Wednesday, March 11, 2015

Hurry Up: Childhood is leaving

Have you ever had one of those moments when you are hurrying along your children, only to realize that there is absolutely no reason.  You probably know what I'm talking about- the grocery store, the library, all those everyday moments.

When you feel like you have to move move move.  Get it done, get to the next place, and your hurrying the world along. Or at least you are trying to.

Sometimes it's when you are trying to make dinner, and all she wants to do is help you do it.  She wants to stir, or see, or help.  And all you want is to get it done...

These moments- childhood is slipping away.  The teaching moment, the enjoyable moment.  The moments to see her for who she is, and what she's becoming.  Because she's growing up in these moments.  When you are worried about overcooking the sauce, she's learning how she should behave in the kitchen.  She's learning about why you make dinner- for the family, for her father...for an obligation?
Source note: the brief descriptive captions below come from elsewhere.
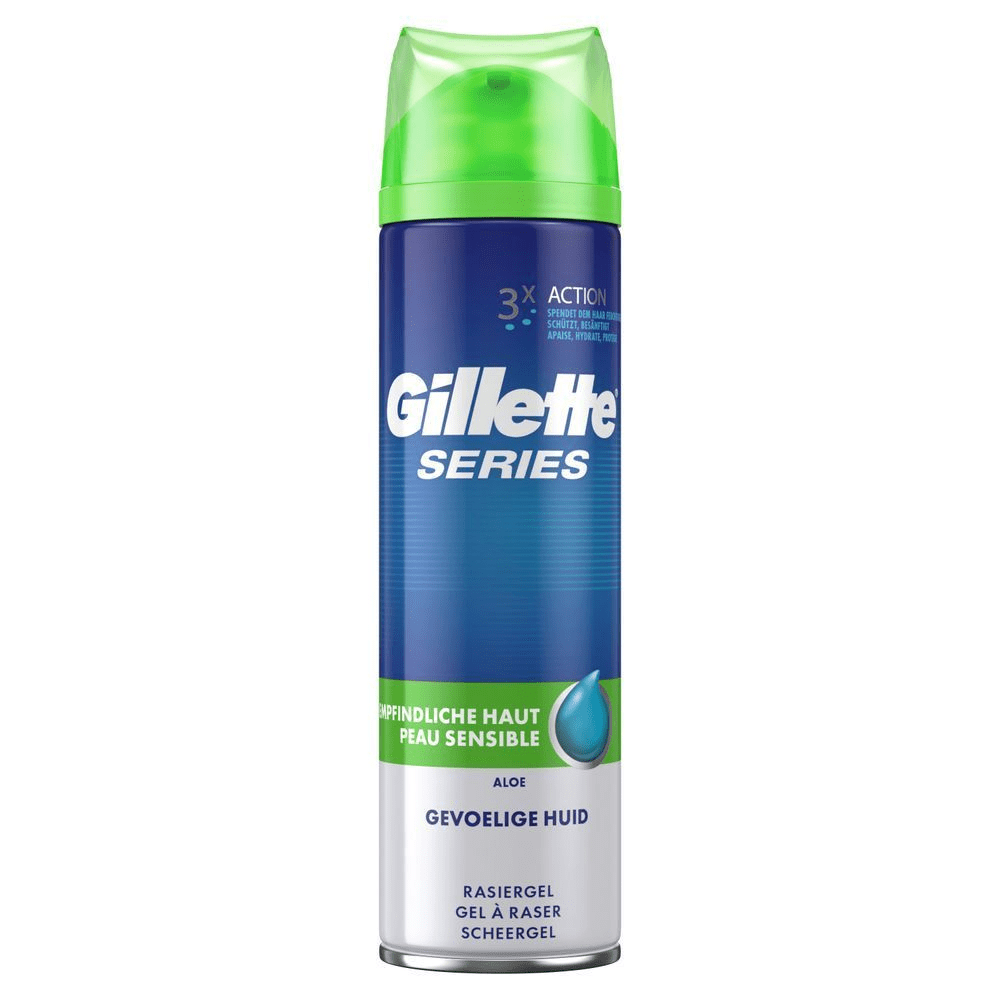 Bild: Gillette Gillette Series Sensitive Rasiergel Für Männer 200 ml 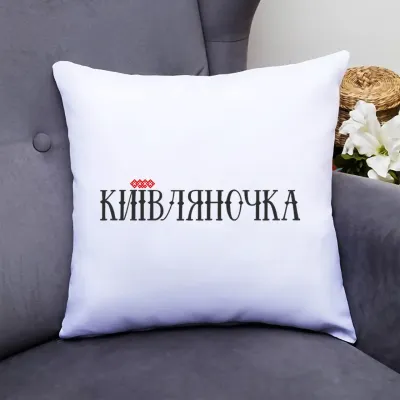 Подушка декоративна з принтом 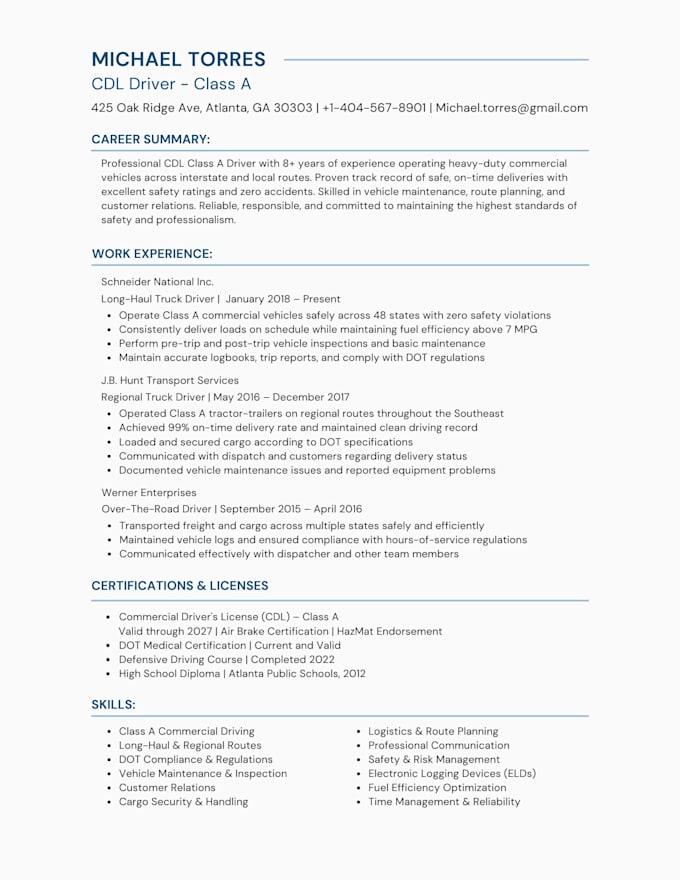 write your resume or touch it up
I'm constantly amazed at how much she grasps, changes and grows each and everyday.  How she learns to communicate, share and become the girl she is growing up to be.

I want her to be strong, proud, and eager.  I want her to take life by the hands and giggle.  I don't want to tell her not to get dirty before dinner- I want her to explore the world, and not worry about the laundry.  But it's hard.

It's oh so hard....

They are moving faster than the speed of light it seems.  Just yesterday I would swear that Ocho was born, and yet here she is, moving, growing, learning, reacting.  Here they both are, becoming the sisters I've always wanted them to be.  Kind, thoughtful, imaginative.  Turning towards each other for fun, games, and frivolity.  But also when things are hard.  Caring, growing, concerned.  Helping each other through the rough times that can happen in life.
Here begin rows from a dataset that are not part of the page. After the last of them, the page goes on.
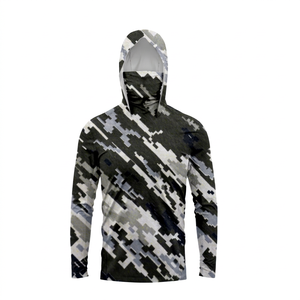 Custom Design Lightweight Outdoor Fishing Long Sleeve Shirt Custom Tournament Fishing Shirt Fishing Hoodies - Product Image 1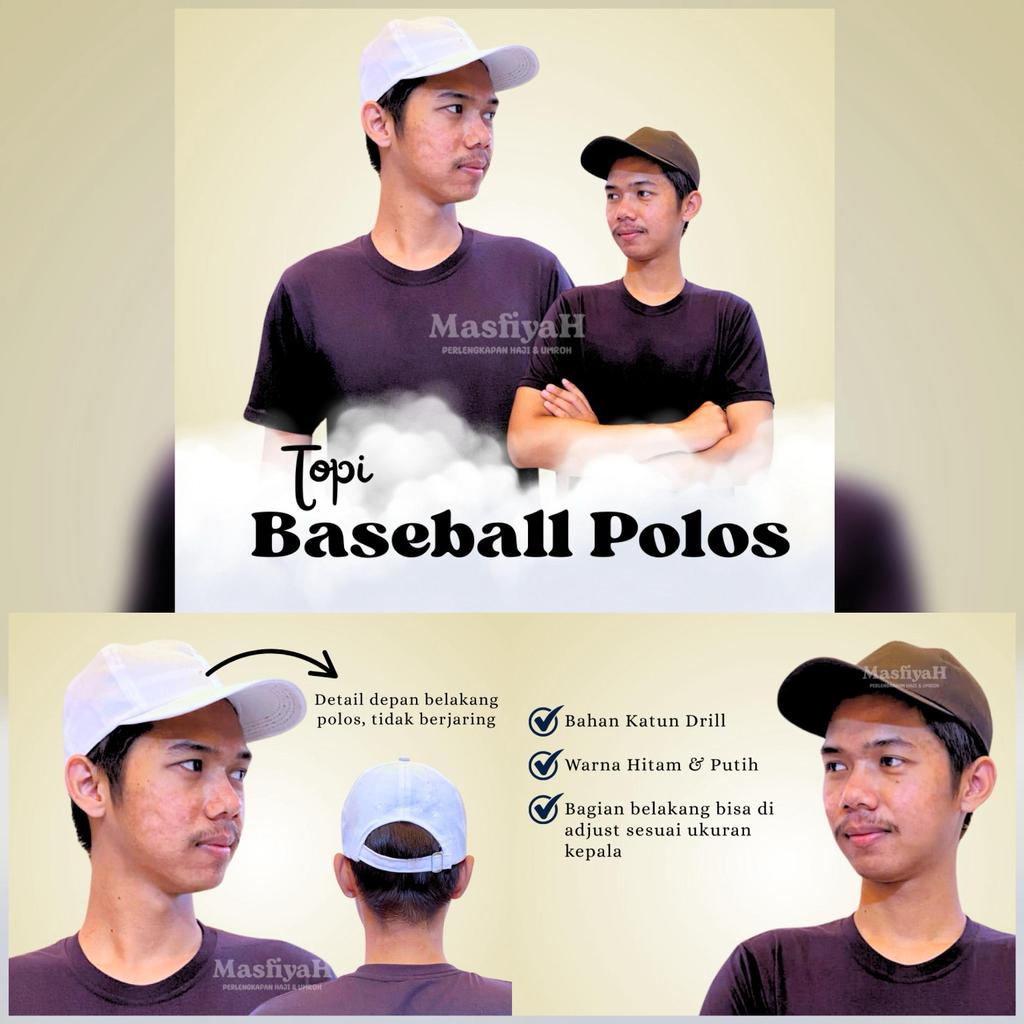 Diskon TOPI BASEBALL POLOS TOPI CASUAL TOPI HIKING TOPI PANTAI TOPI HITAM POLOS TOPI PUTIH POLOS TM
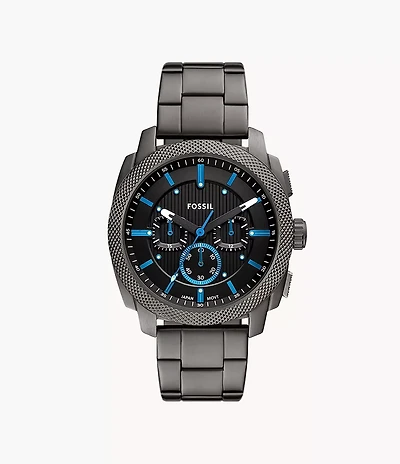 Machine Chronograph Smoke Stainless Steel Watch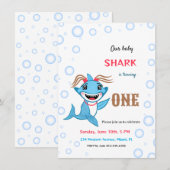 Invitation Bébé requin (Devant / Derrière)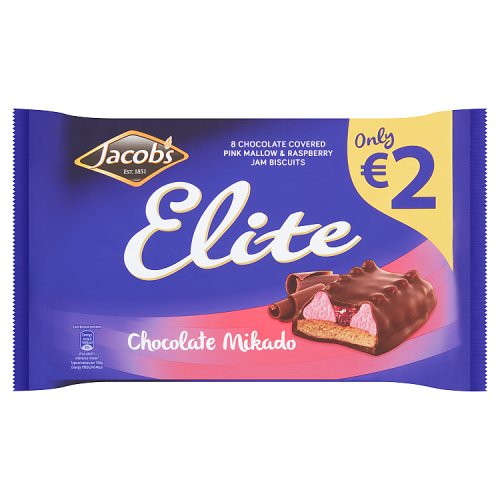 Jacob's Elite Chocolate Mikado 176g PMP €2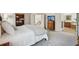 Open bedroom with attached ensuite bathroom, walk-in closet, and open stairwell at 2710 Irwin Ct, Cumming, GA 30041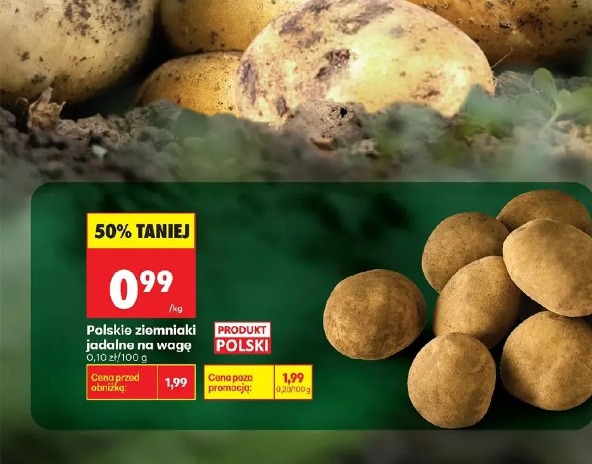 Polskie ziemniaki jadalne na wagę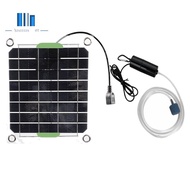 20W Aquarium Air Pump Solar Power Oxygenator for Fish Tank Oxygen Pump USB Charging Pond Water Pump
How do they learn these things?  It's those moments when I'm trying to hurry up.  When we need to get dressed to get out of the house- when I would rather be by myself than reading her another story (or the same one for the 15th time).  When it seems easiest just to cut my losses and run.  They are learning.  How to treat each other, how to deal with set-backs.  How to be who they will be.

And though it seems impossible, each moment is one we can't get back.  Each moment they get one step closer to adults and further away from children. Ocho is closer to being one than she is to being born.  And it's amazing.

It's watching her remember something for the first time.  It's seeing her light-up at the sight of her daddy or her sister. It's helping her understand that just because I'm not with her, I still love her, I'm still with her in her heart.

It's teaching them both that they can't take back these moments.  It's helping them see the beauty and the grace in everyday obligations.  Helping them see that childhood is leaving, so we better hurry up and enjoy the moment.

All photos the work of Laura Layera, Luluphoto.

1 comment:

  1. You are experiencing what every good parent realizes at some point, and you articulate it well for us. So did whoever wrote this once popular song:

    Where are you going, my little one, little one?
    Where are you going, my baby, my own?
    Turn around and you're two, turn around, and you're four,
    Turn around and you're a young man going out of my door.

    Where are you going, my little one, pretty one?
    Little sunsuits and petticoats, where have you gone?
    Turn around and you're tiny, turn around and you're grown,
    Turn around and you're a young wife with babes of your own.